Although there are more “world days” than there are days in the year, some of which are a little quirky, to say the least, until now there was no World Air Passenger’s Day. Surprising, given that an estimated 4.5 billion people travelled in 2019. Nice Côte d’Azur Airport has decided to kick start the idea and make every 17 November a special day devoted to people who explore the world, visit their loved ones or travel for professional reasons.
“Our customers don’t choose an airport as their destination; they use airports to make their travel dreams come true. That’s why it is important to take time to thank the women and men who place their trust in airports, airlines, and all airport stakeholders, and expect certain services in return: in addition to safety and a smooth passenger journey, they are looking for an original, surprising experience, a foretaste of travel and adventure. Airports rise to that challenge every day.
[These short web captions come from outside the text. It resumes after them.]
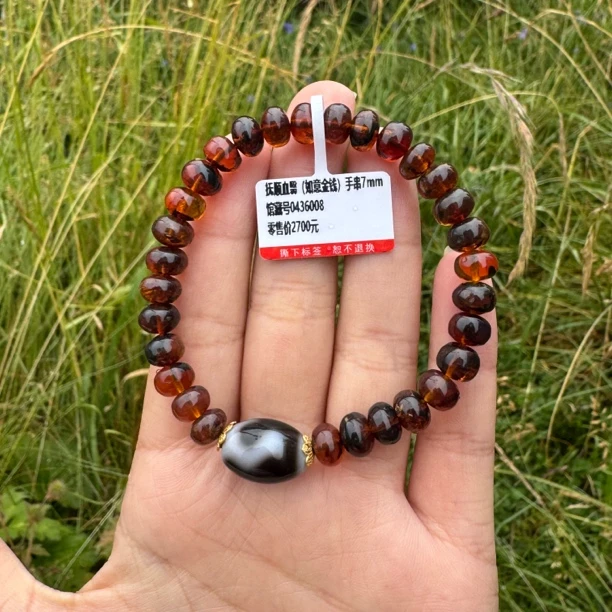 AP75抚顺琥珀（血翳）手串6.8mm（多样性发其一）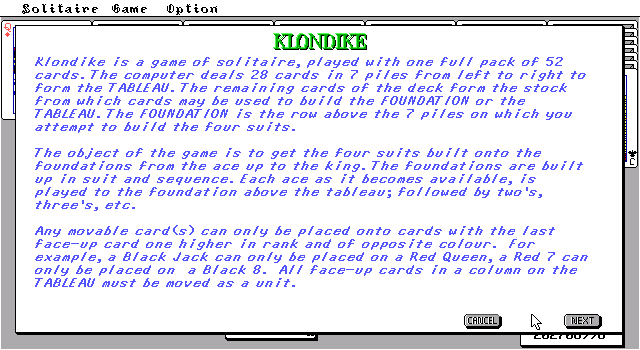 TEGL Klondike Solitaire (DOS) screenshot: Introduction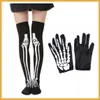 Fournitures de Cosplay de fête, décorations d'halloween, gants et chaussettes squelette, accessoires de Costume de mascarade XD24789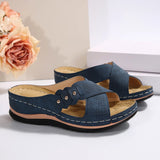 Breakj New Summer Female Thick Bottom Slope With Slippers Large Size Casual Cross With Rivet Decoration Slippers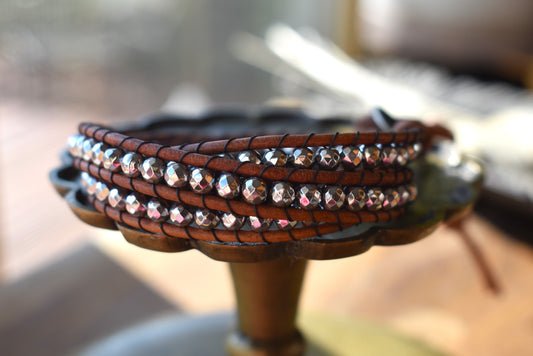 Silver Tone Faceted Hematite Wrap Bracelet // Leather Bracelet // Beaded Bracelet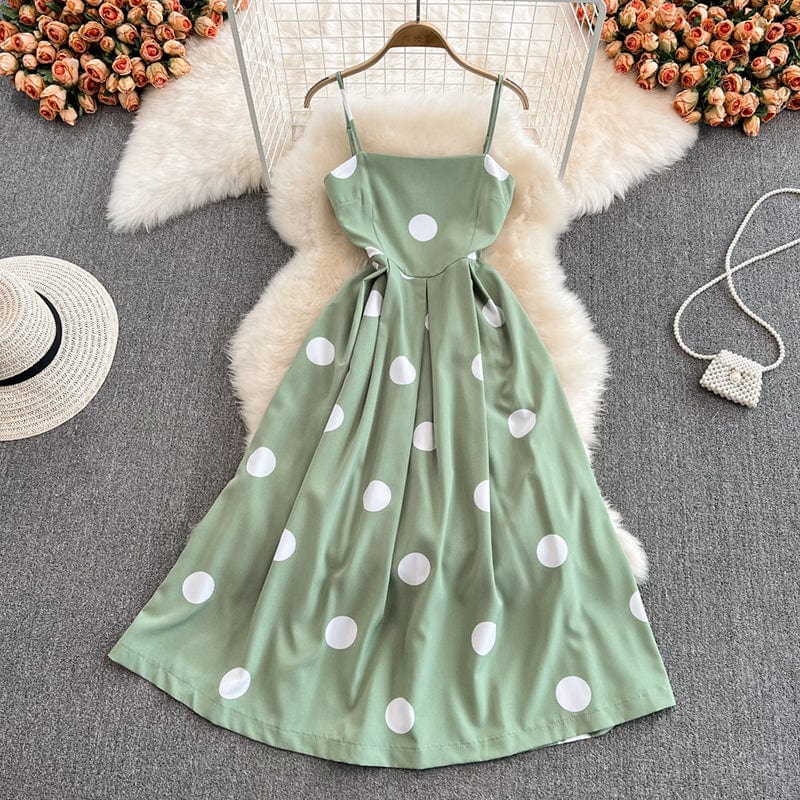 Sexy French Club Prom Celebrity Dresses Polka Dot Printed Hepburn Vintage High Waist A-line Sling Dress Women Fashion Big Hem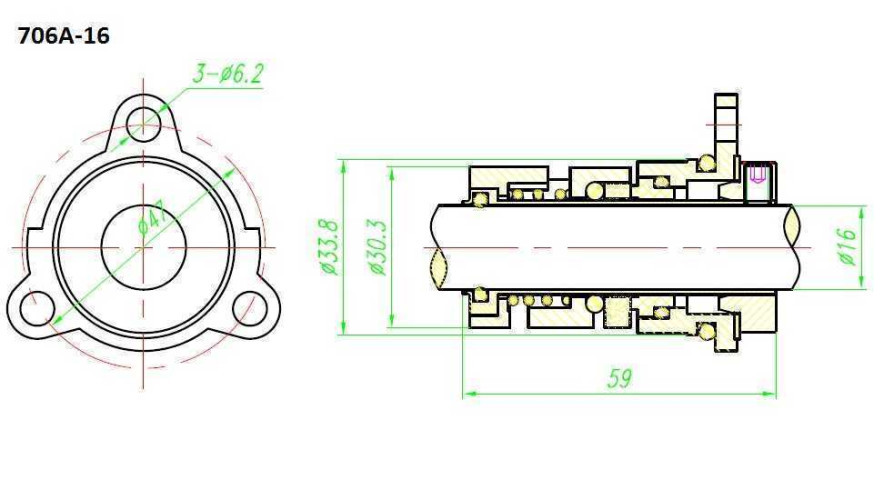 Joint cartoucheа R-706A 16, SIC/SIC, VITON, 304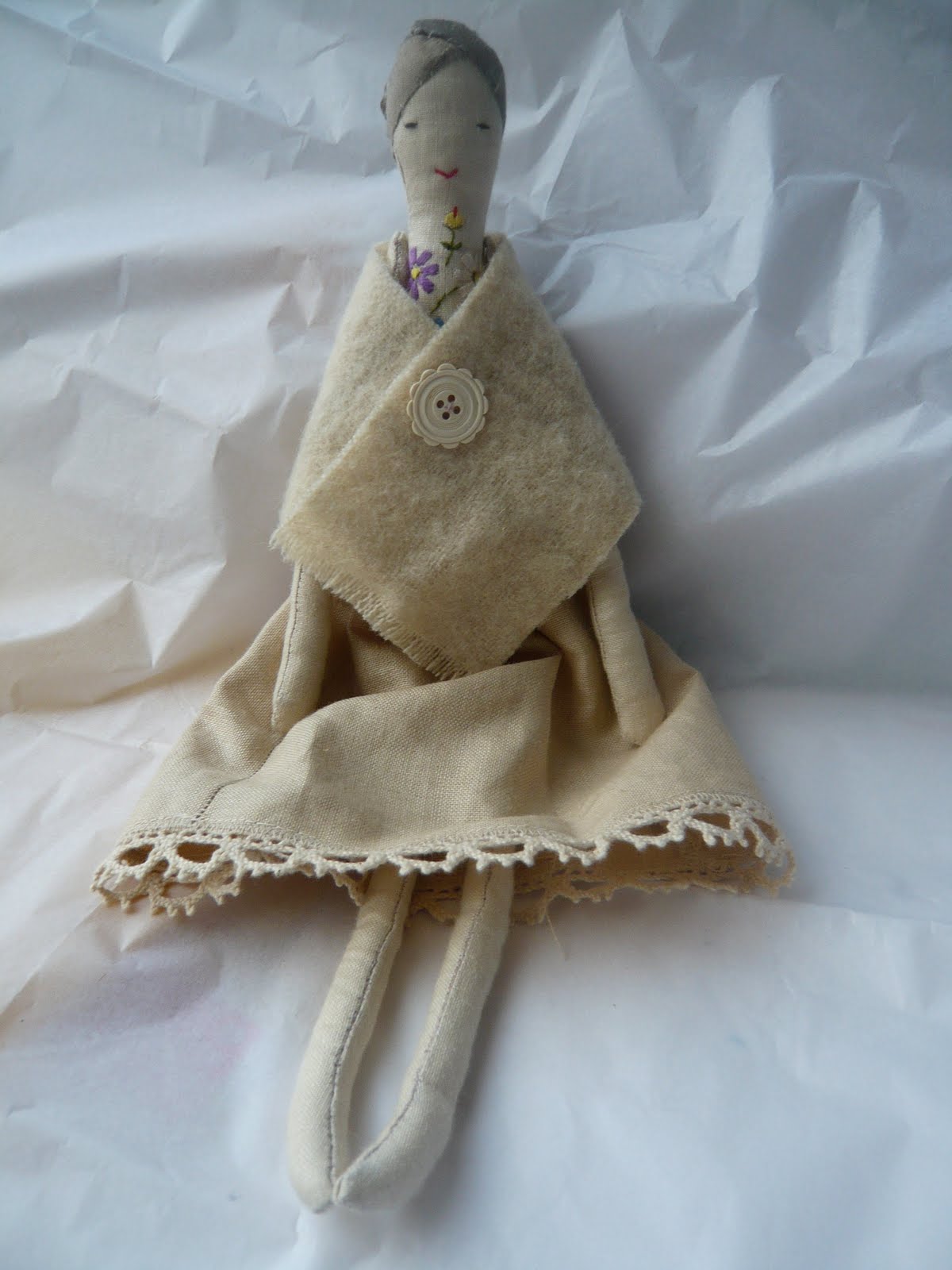 gentlytiptoe upcycled linen napkin doll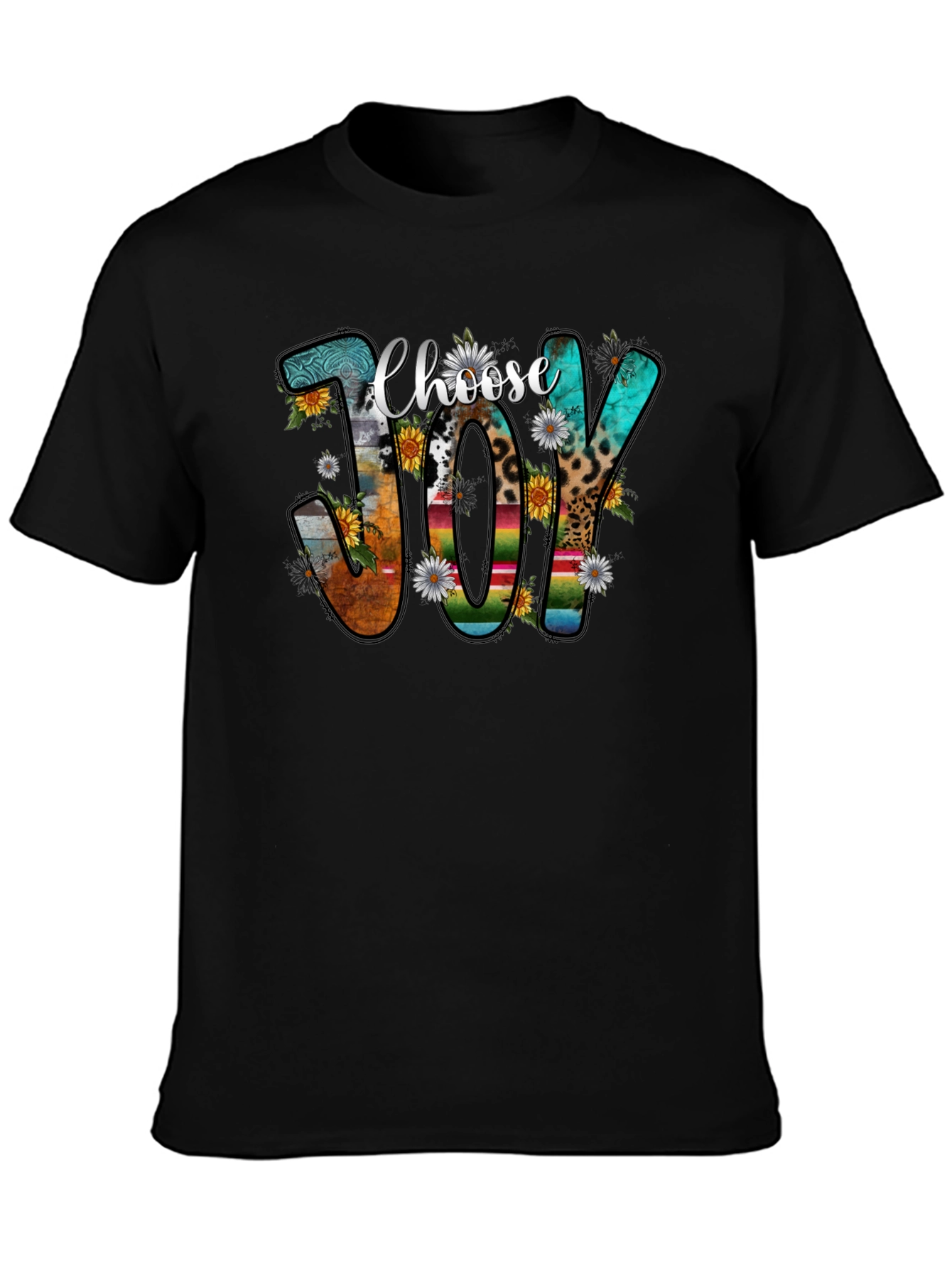 Choose Joy T-Shirt: Floral & Pattern Lettering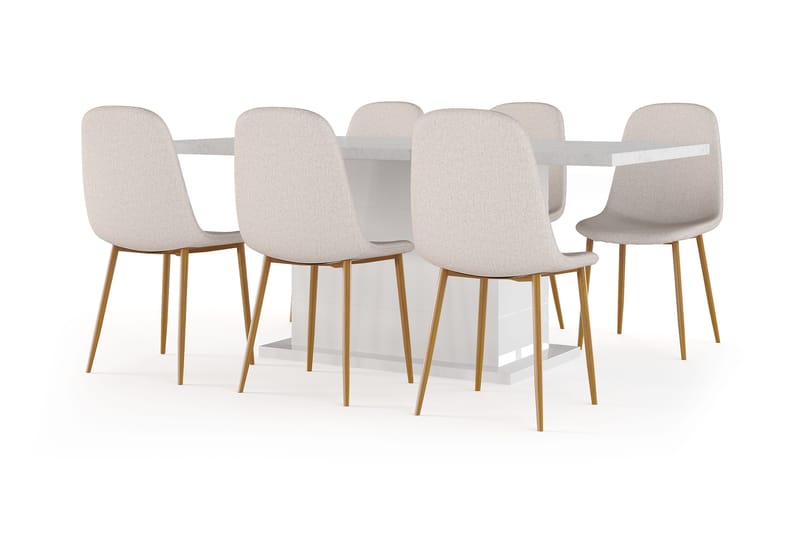 Ratliff Matbord 180 cm Förlängningsbart med illäggsskiva +  6 st Nibe stol beige med ek ben - Vit/Beige - Products - Möbler - Bord & matgrupp - Matgrupp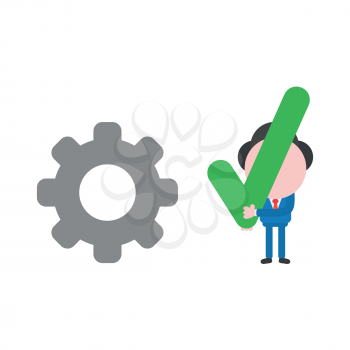 Vector illustration businessman character with gear and holding check mark.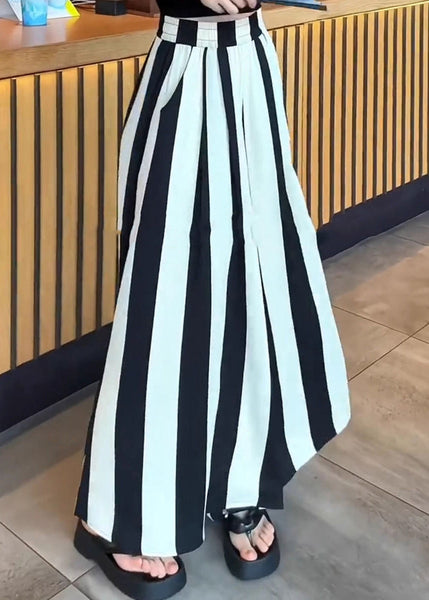 High Wide Black White Plus Striped Pants Leg Size Waist FashionChic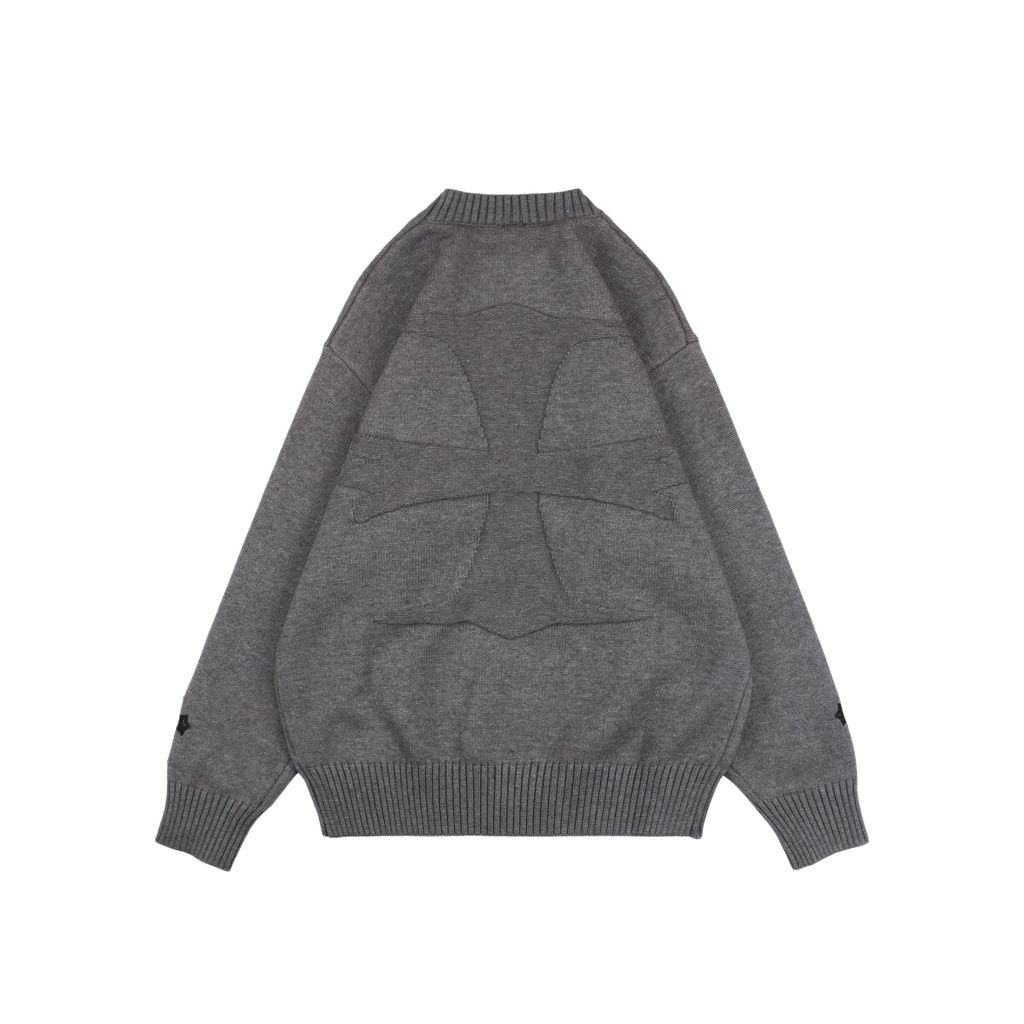 Chrome Hearts Cross Leather Patch Intarsia Crewneck Sweater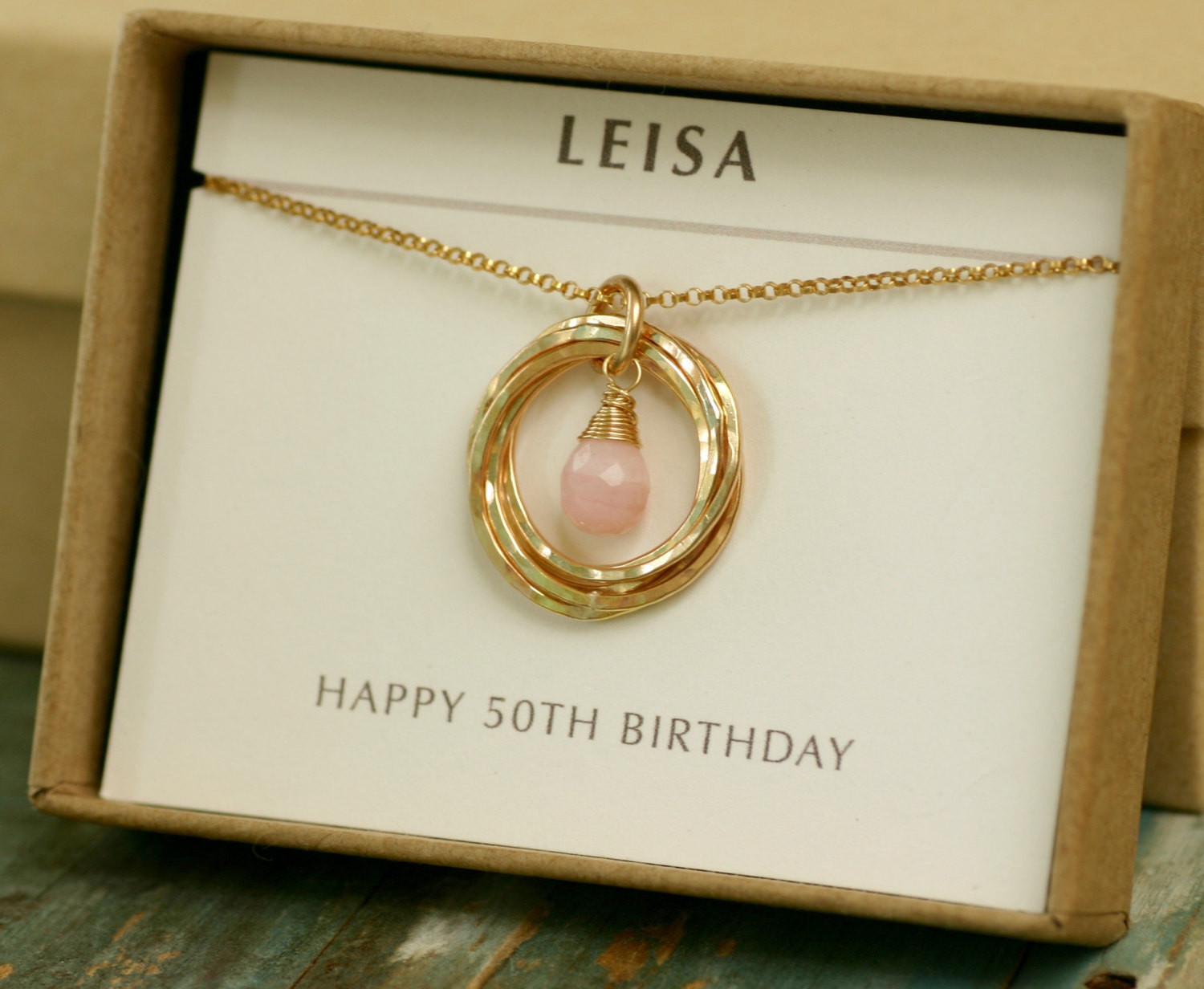 50 Birthday Gifts
 50th birthday t for women pink opal necklace gold 5th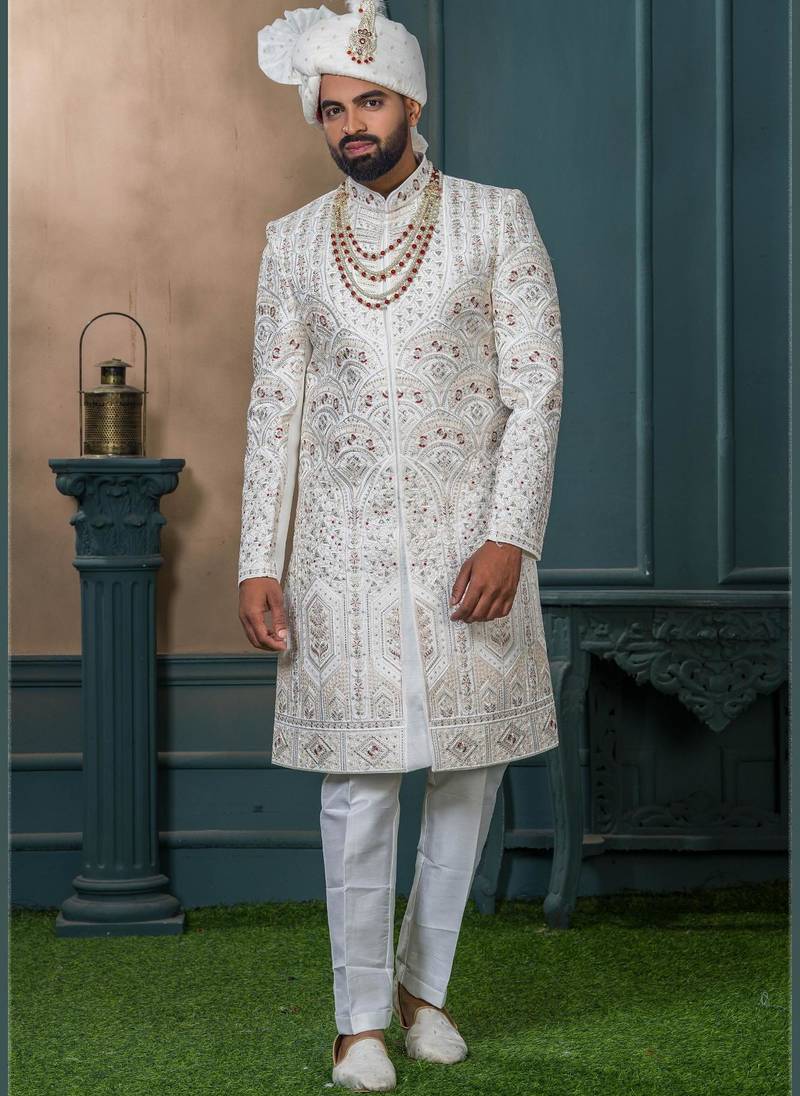 Off white silk embroidered sherwani for mens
Devoting one whole day to celebrating passengers is all about underscoring the bond between us and our determination to offer them constantly better quality of service,” explains Franck Goldnadel, Chairman of the Board, Aéroports de la Côte d’Azur.
A day of gratitude and celebration
For this first edition, Nice Côte d’Azur Airport has got all the hub’s partners on board. Their combined efforts have resulted in a packed programme at every step of the passenger journey. At the entrances to car parks and terminals, staff will be ready and waiting to welcome passengers in person, wearing the badge of the day: a yellow heart on a purple background, with the words “World Air Passenger’s Day”. A red carpet, goodies, music, live performances, tasting sessions in airport stores, gifts, educational games, awareness-raising operations, fast-track queues assigned randomly, and more. At every step on the way to the aircraft door, passengers will be treated to a VIP welcome and a magical backdrop.
“Travelling is a celebration; flying is a dream. It is important to put pleasure and gratitude at the heart of the passenger journey. As well as making technological progress towards decarbonisation, we need to show that sobriety and contentment can go hand in hand,” Franck Goldnadel concludes.